Thanks to a new law signed last week, companies are now required to identify and report security breaches in a timely fashion. Also, consumers can now request a “security freeze” to prevent the unauthorized release of their personal information by the three major credit reporting agencies.
GIC Opt-In - Many cities and towns have been struggling to balance their budgets in the face of rising employee and retiree health care costs. To help municipalities get a handle on these costs, the Legislature has given them the option of purchasing their health insurance through the state’s Group Insurance Commission (GIC).
To join the GIC, 70 percent of a community’s union employees and retirees must approve the plan. GIC rates are expected to rise by about 5 percent next year (less than half the 11.3 percent increase projected for all other employers), and cities and towns collectively could save as much as $180 million a year by opting in. Joining the GIC may not make fiscal sense for all communities, but it’s good to know this option is available.

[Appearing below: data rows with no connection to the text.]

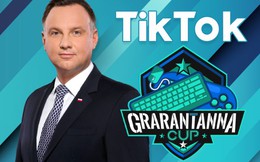 Tổng thống Ba Lan lên TikTok quảng cáo giải đấu Esports Online trong mùa dịch: 'Ở nhà chán thì vào làm ván đi các cháu'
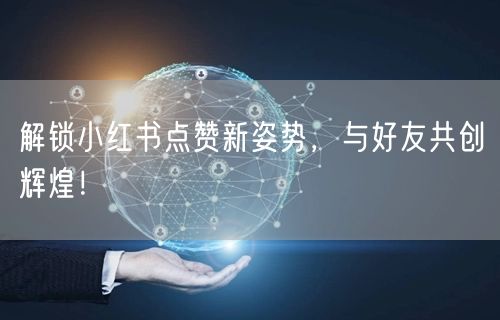 解锁小红书点赞新姿势，与好友共创辉煌！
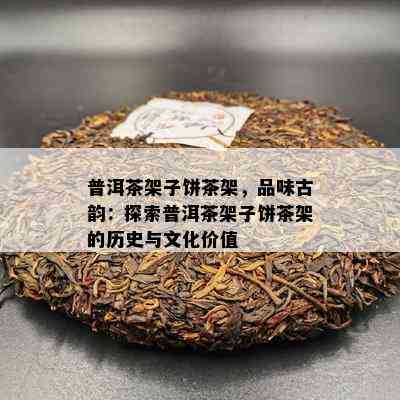 普洱茶架子饼茶架，品味古韵：探索普洱茶架子饼茶架的历史与文化价值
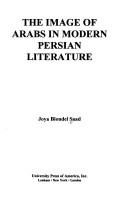 The image of Arabs in modern Persian literature by Joya Blondel Saad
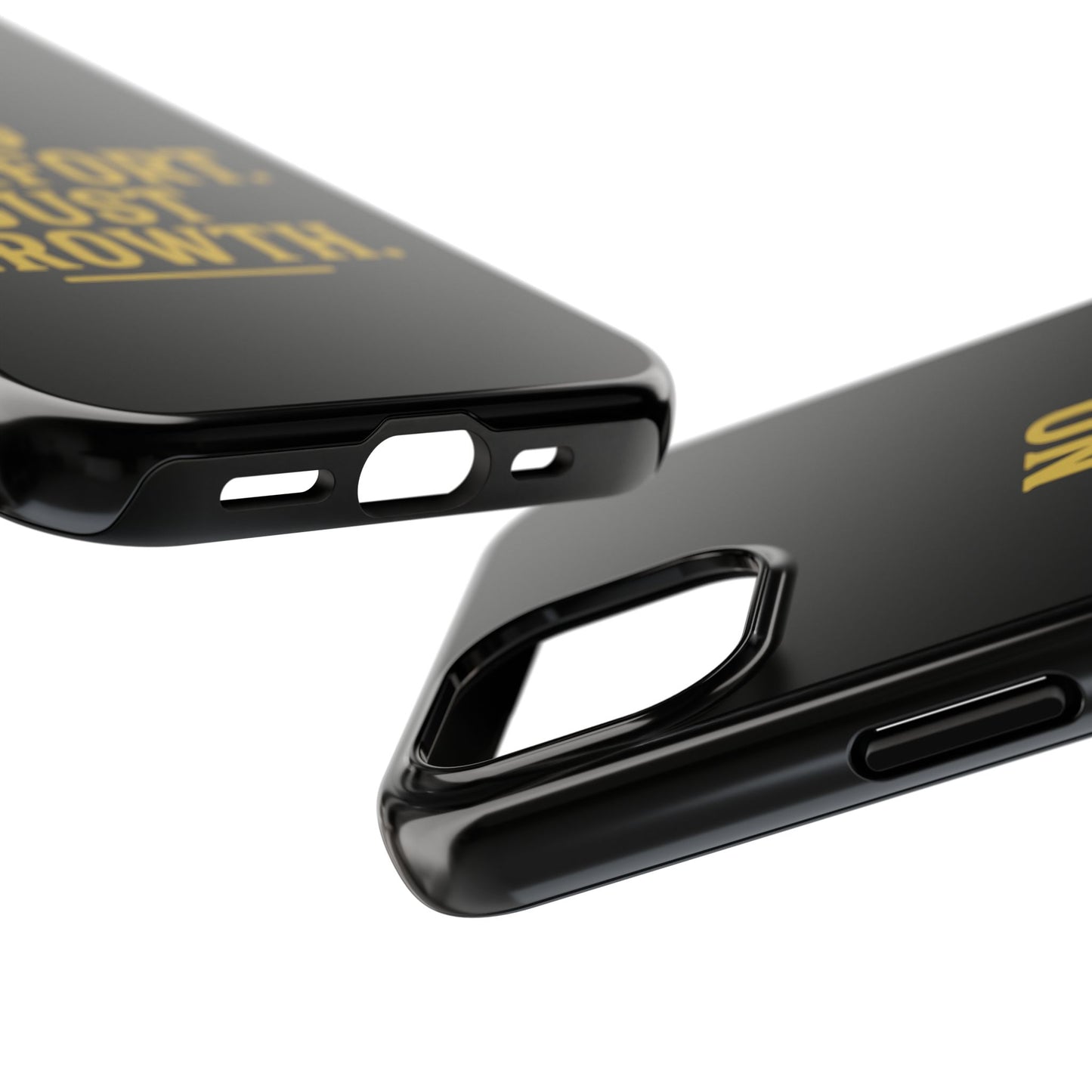 No Comfort. Just Growth.  Tough Phone Case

Pensions - Another possible source of municipal relief is the new pension law, which allows the state to review the investment performance of local pension funds and assume control of underperforming pension assets to generate higher investment returns.

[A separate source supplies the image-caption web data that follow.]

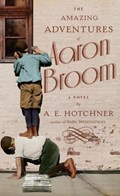 The Amazing Adventures of Aaron Broom | A. E. Hotchner | 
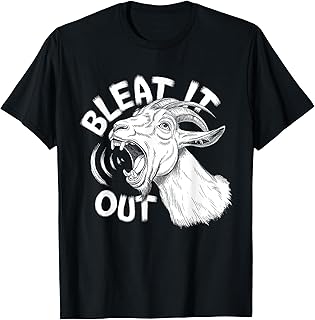 Bleat It Out Funny Goat Yelling Design for Loud Humor Fans T-Shirt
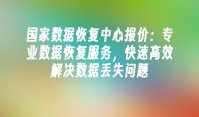 国家数据恢复中心报价：专业数据恢复服务，快速高效解决数据丢失问题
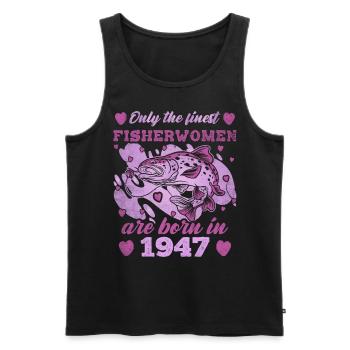 Finest Fisherwomen Born 1947 Womens 76th Birthday - Männer Premium Bio Tank Top - Schwarz - Vorne - Michal (187cm)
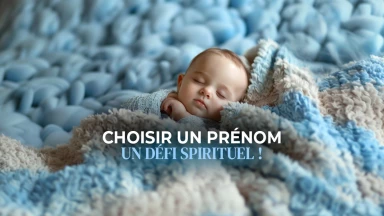 Choisir un prénom : un défi spirituel !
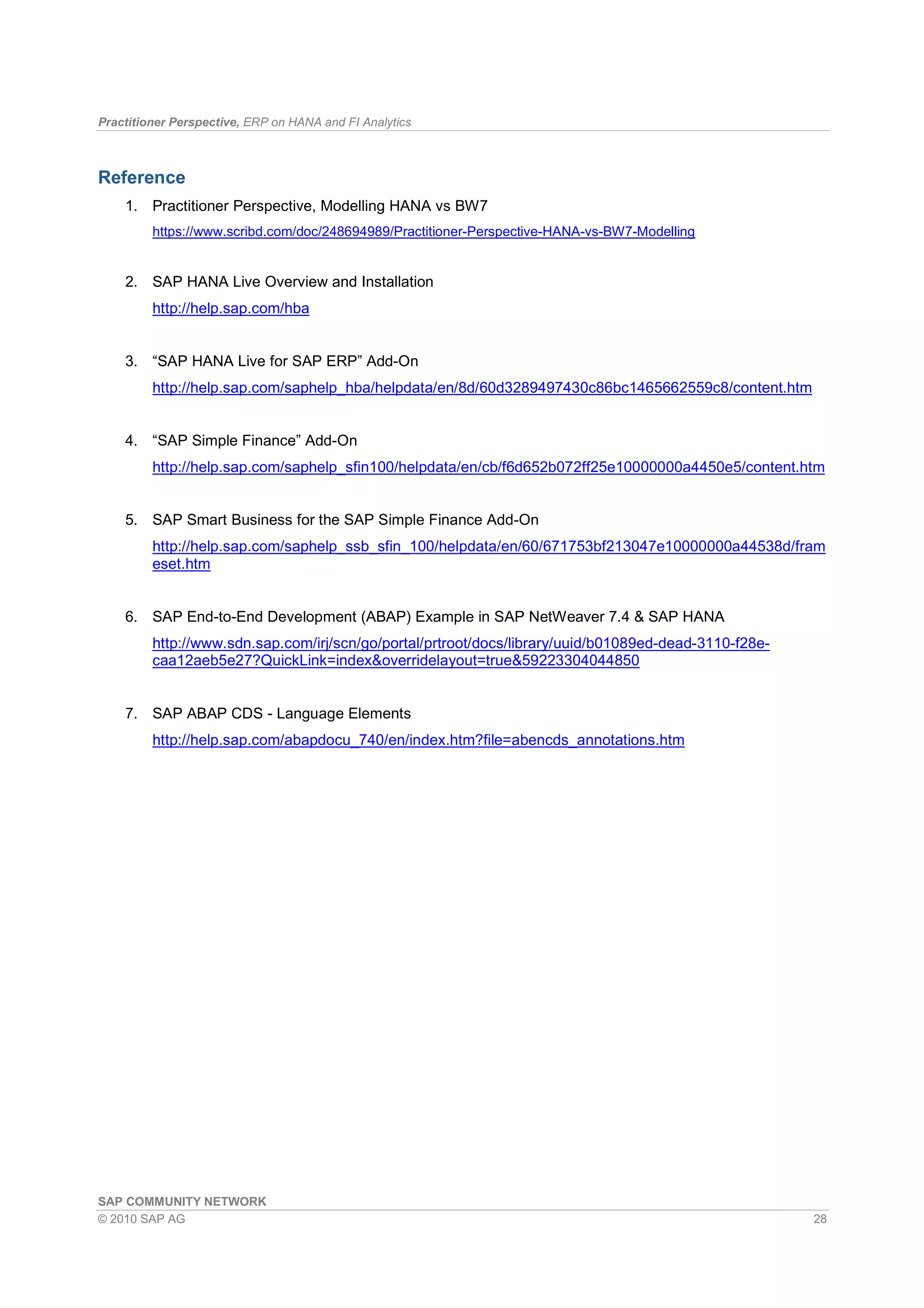 Practitioner Perspective, ERP on HANA and FI Analytics
SAP COMMUNITY NETWORK
© 2010 SAP AG 28
Reference
1. Practitioner Perspective, Modelling HANA vs BW7
https://www.scribd.com/doc/248694989/Practitioner-Perspective-HANA-vs-BW7-Modelling
2. SAP HANA Live Overview and Installation
http://help.sap.com/hba
3. “SAP HANA Live for SAP ERP” Add-On
http://help.sap.com/saphelp_hba/helpdata/en/8d/60d3289497430c86bc1465662559c8/content.htm
4. “SAP Simple Finance” Add-On
http://help.sap.com/saphelp_sfin100/helpdata/en/cb/f6d652b072ff25e10000000a4450e5/content.htm
5. SAP Smart Business for the SAP Simple Finance Add-On
http://help.sap.com/saphelp_ssb_sfin_100/helpdata/en/60/671753bf213047e10000000a44538d/fram
eset.htm
6. SAP End-to-End Development (ABAP) Example in SAP NetWeaver 7.4 & SAP HANA
http://www.sdn.sap.com/irj/scn/go/portal/prtroot/docs/library/uuid/b01089ed-dead-3110-f28e-
caa12aeb5e27?QuickLink=index&overridelayout=true&59223304044850
7. SAP ABAP CDS - Language Elements
http://help.sap.com/abapdocu_740/en/index.htm?file=abencds_annotations.htm
 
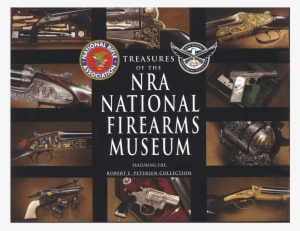 Treasures Of The Nra - Treasures Of The Nra National Firearms Museum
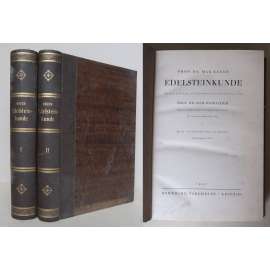 Edesteinkunde [gemologie, mineralogie, geologie, drahé kameny] 2 svazky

Initially, I had some reservations about this policy change because it would take control away from local pension boards. As the legislation made its way through the process, however, it was amended to protect communities. The final version defines a local fund as “underperforming” if its assets are less than 65 percent of its liabilities and its average 10-year rate of return is at least 2 percent less than the state’s current rate of 10.51 percent.
Sudan Divestment – Following the lead of 18 other states, the Senate voted in June to withdraw all of the state’s pension fund investments from foreign companies doing business with Sudan. Like the South African divestment movement of the 1980s, this effort is designed to send a strong message condemning the Sudanese government’s genocidal policies.

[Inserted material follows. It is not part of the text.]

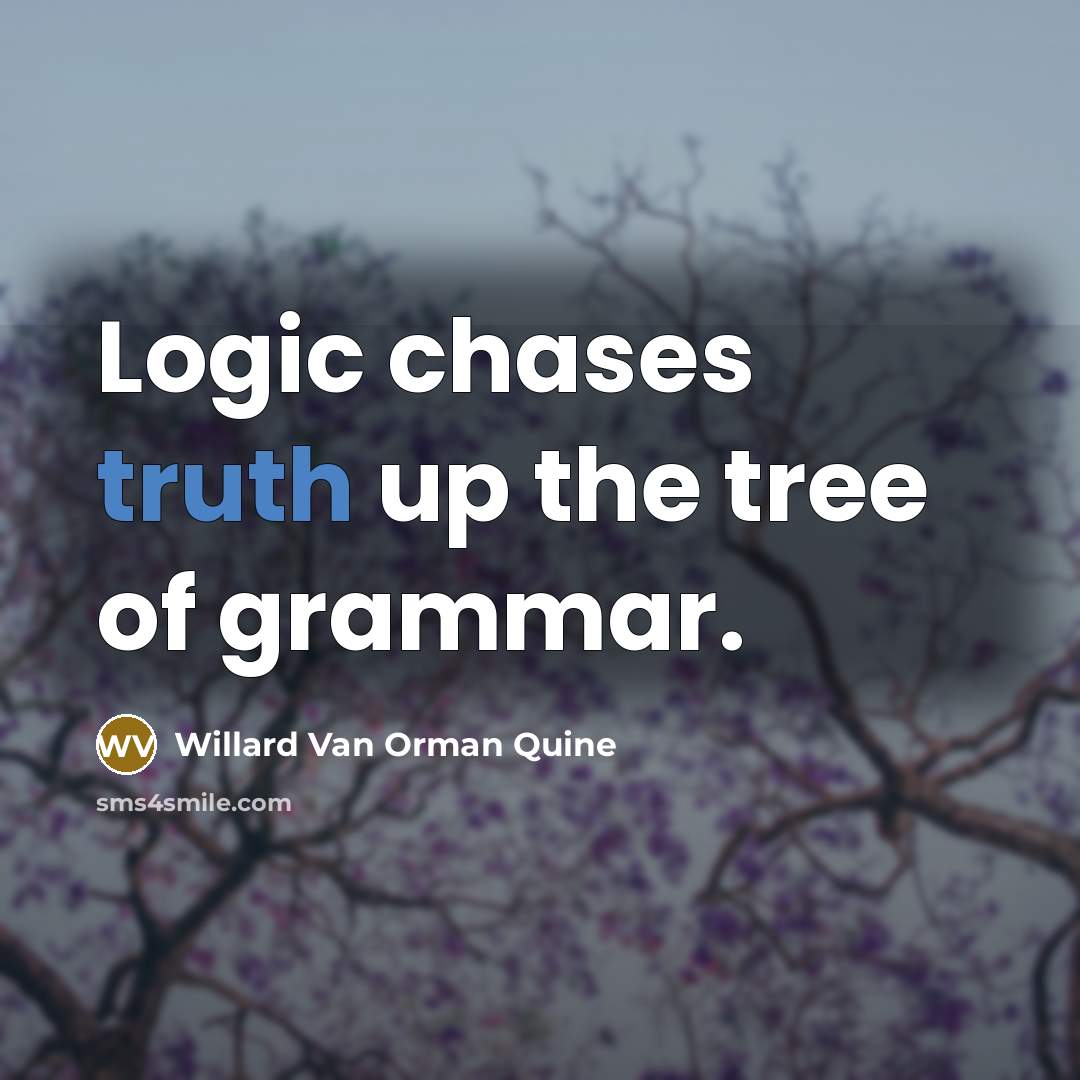 “Logic chases truth up the tree of grammar.…” quote by Willard Van Orman Quine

During the Sudan debate, the Senate Republican Caucus tried to expand this divestment effort to include other nations on the U.S. State Department’s Terror Watch list, including Cuba, Iran, North Korea and Syria. These amendments drew support across party lines, but not enough to pass. A new bipartisan effort is now underway to ensure that state employees and retirees are not unwittingly providing financial support to countries that sanction terrorist activities.
Welfare Reform - Last month, the Senate passed legislation touted as the first major reform of the state’s welfare law in 10 years. Having served on the Conference Committee that put together the landmark 1995 Welfare Reform Law, I have to say I was disappointed with the end result.
Instead of taking steps to ensure that welfare remains a transitional program that promotes self-sufficiency, the proposed changes only perpetuate a system of dependency that has led some to see welfare as a way of life, which it was never intended to be.
Our welfare law was once the national standard. Today, we are far behind many other states in the number of able-bodied recipients meeting their work requirement. Hopefully, the House will put some teeth into this bill when it comes up for debate.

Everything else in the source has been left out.